EU states push under-16 social media bans

European governments are converging on a simple slogan—“protect children online”—and arriving at a policy that looks less like parenting and more like an identity regime.

EUobserver reports that Spain, France, Denmark, Portugal, Germany, Greece, Austria and others are considering bans or strict limits on social media for under-16s, following Australia’s December rollout of a ban that reportedly led to the deletion or restriction of 4.7 million accounts. Spanish prime minister Pedro Sánchez described social platforms as a “digital Wild West” of “addiction, abuse, pornography, manipulation, and violence.” The public mood is on his side: a 2025 Eurobarometer survey found more than 90 percent of respondents want public authorities to help protect children online.

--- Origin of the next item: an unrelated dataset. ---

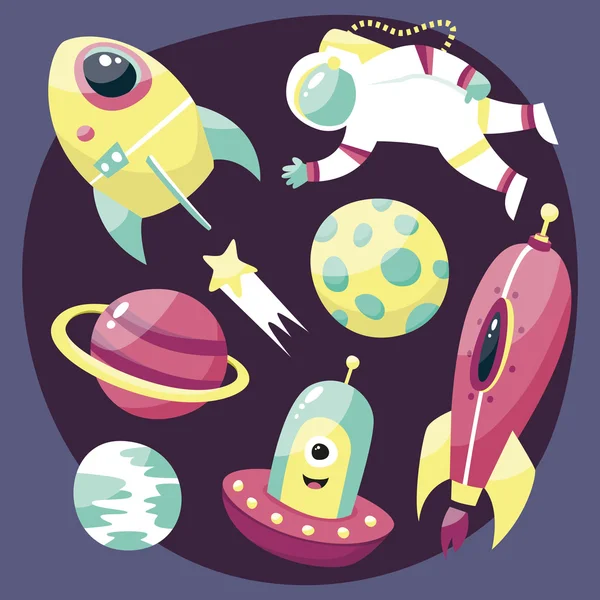 Встановити астронавта, зірки, комети, планети і космічні кораблі — стоковий вектор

The mechanism that makes these bans “work” is the part politicians rarely headline: age verification. At scale, age gates are not a checkbox; they are infrastructure. They require either (a) persistent identity checks (KYC-style), (b) third-party identity providers, or (c) device- and biometrics-based estimation—all of which expand data collection, create new breach targets, and normalize traceability.

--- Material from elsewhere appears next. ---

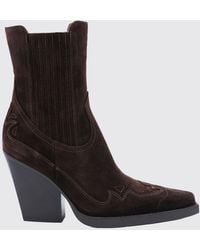 Paris Texas - Dallas Suede Western Ankle Boots With High Flared Heel - Lyst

Digital rights groups argue the policy is a diversion. Simeon de Brouwer of EDRi told EUobserver that age verification is a “band-aid” that pulls resources away from addressing the underlying incentive problem: platforms optimize for engagement because that’s how they get paid. Even supporters of intervention concede enforcement is lagging. Bruegel researcher Paul Richter criticized the European Commission for not fully using the Digital Services Act (DSA) tools already on the books, which include obligations to mitigate systemic risks to minors.

But the political economy points in one direction: identity requirements are legible to regulators and enforceable against platforms. “Fix the feed” is harder. “Show me your papers” scales beautifully.

This is where the censorship-by-API problem emerges. Once a platform must verify age, it must also decide what counts as “verified,” which vendors are acceptable, what data is retained, and what happens when verification fails. That creates a compliance market—identity brokers, verification SDKs, facial-age estimation services—whose business model depends on making the internet less anonymous and more permissioned.

And it invites mission creep. If a system can verify age for minors, it can be extended to adults “for safety,” “for elections,” “for misinformation,” or simply to satisfy future liability theories. In practice, age verification is a backdoor to real-name policy—outsourced, privatized, and wrapped in child-protection rhetoric.

Europe’s online speech regime has long relied on platform enforcement under vague duties of care. Adding mandatory identity checks would harden that model into something closer to an access-control layer for public discourse. The stated goal is to keep teenagers from doomscrolling. The likely outcome is that everyone gets a little more trackable, and the firms selling the tracking get a new regulated moat.